Federal Reserve chairman Ben Bernanke acknowledged yesterday that the economy has deteriorated rapidly and signaled the Fed will cut interest rates aggressively to avoid a recession.
Bernanke, speaking in Washington, joins a growing chorus of economists becoming more pessimistic about the economy. Over the past several days, many analysts have downgraded their outlooks, with a growing number forecasting recession, most notably economists at Wall Street investment bank, Goldman Sachs Group Inc.
The catalyst for increasing gloom was last week's employment report, which showed the US jobless rate jumping to 5 percent from 4.7 percent with hiring all but stalled in December. The nation added just 18,000 jobs last month. Excluding government hiring, payroll employment declined. Private employers shed 13,000 jobs last month, the Labor Department said.
"There is significant slowing," said Nariman Behravesh, chief economist at Global Insight, the Waltham forecasting firm. "The worry is that this is the beginning of a trend in which job growth goes negative."

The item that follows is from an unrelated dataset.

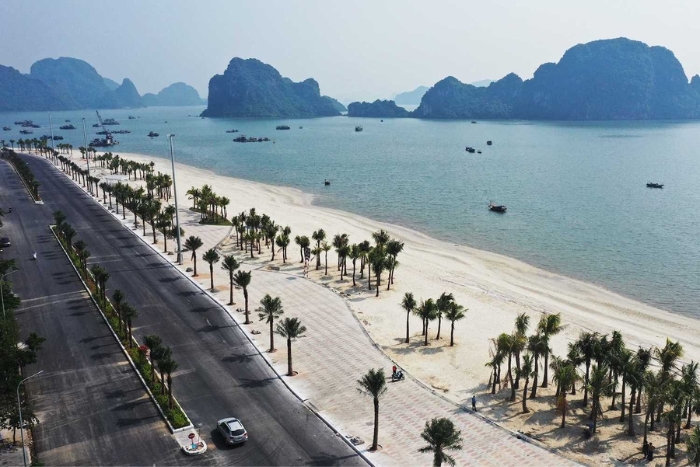 Bai Chay Beach (Ha Long) – A famous beach in northern Vietnam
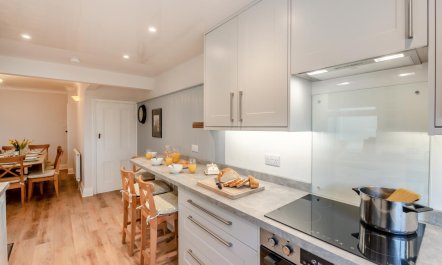 5 Bed in Runswick Bay 8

An expanding labor market represents one of the last remaining supports for consumer spending, which drives about 70 percent of all economic activity. Battered by rising energy costs and a slumping housing market, consumers have already pulled back, with US re tailers yesterday reporting December sales rose less than 1 percent from a year ago, according to the International Council of Shopping Centers, a trade group in New York, marking the worst holiday shopping season since the last recession.
As long as the job market expands, even at a slow pace, consumer spending should grow enough to keep the economy out of recession, economists said. But should layoffs accelerate, consumer spending will plunge, taking the economy with it.

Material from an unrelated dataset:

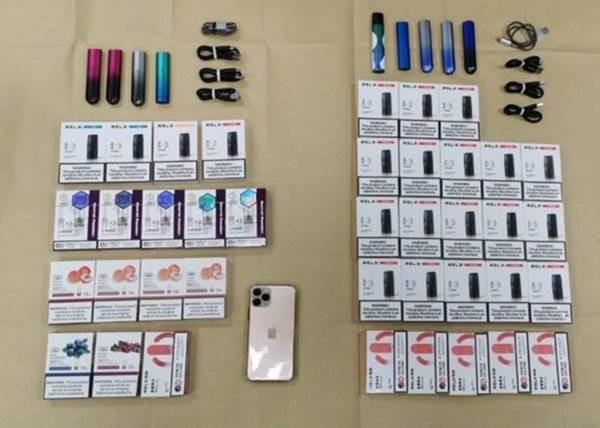 不甘新iPhone被抢 男子捉车窗 被拖100米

"People may become cautious, but they won't cut spending if they have a job," said Mark Zandi, chief economist at Moody's Economy.com, a West Chester, Pa., forecasting firm. "But if they lose jobs, they cut spending, and that leads to a downward spiral" as companies react to the slower demand and cut more jobs.
In his speech before two professional groups, Bernanke cited the weak employment report as the key reason for the gloomier outlook. He noted the Fed has moved forcefully in recent months to offset the effects of the slumping housing market and meltdown in credit markets, injecting billions of dollars into the banking system and cutting its benchmark interest rate three times since September. The benchmark rate now stands at 4.25 percent, following last month's quarter-point decrease.
More interest rate cuts are on the way, Bernanke suggested. When policy-makers meet at the end of this month, economists expect the Fed to slice rates a half-point to 3.75 percent, the lowest since September 2005. Economists project additional cuts in subsequent meetings.
Lower interest rates boost the economy by reducing borrowing costs, thus encouraging consumers and businesses to spend.
"We stand ready to take substantial additional action as needed to support growth and to provide adequate insurance against downside risks," Bernanke said.
Stocks rallied yesterday on the likelihood of rate cuts. The Dow Jones industrial average rose 117.78 to 12,853.09. The broader Standard & Poor's 500 rose 11.20 to 1,420.33. The technology heavy Nasdaq Composite index rose 13.97 to 2,488.52.
The rally was supported by some good news in the job market. The Labor Department reported that the number of people filing first time claims for unemployment fell for the second consecutive week. First time claims, at 322,000 last week, remain well below the recessionary level of 400,000, economists said.
The falling jobless claims could mean that the labor market is not as weak as the December employment suggested, some economists said.
Local staffing firms, which recruit temporary and permanent workers for employers, said yesterday demand for workers in Massachusetts, remains solid. Many economists consider staffing activity a leading indicator of the labor market.
"We are still in a scenario of pretty healthy demand and continued shortage of supply in key sectors" such as nursing, technology, and engineering, said Greg Netland, chief executive of Vedior NA of Wakefield.
Despite last month's weak employment report, Bill Cheney, chief economist at John Hancock Financial Services in Boston, said he expects the economy to "muddle through" and avoid a recession.
"The job market is softening, and not collapsing," he said. "If it goes south, we're really in trouble. But I don't think it has yet."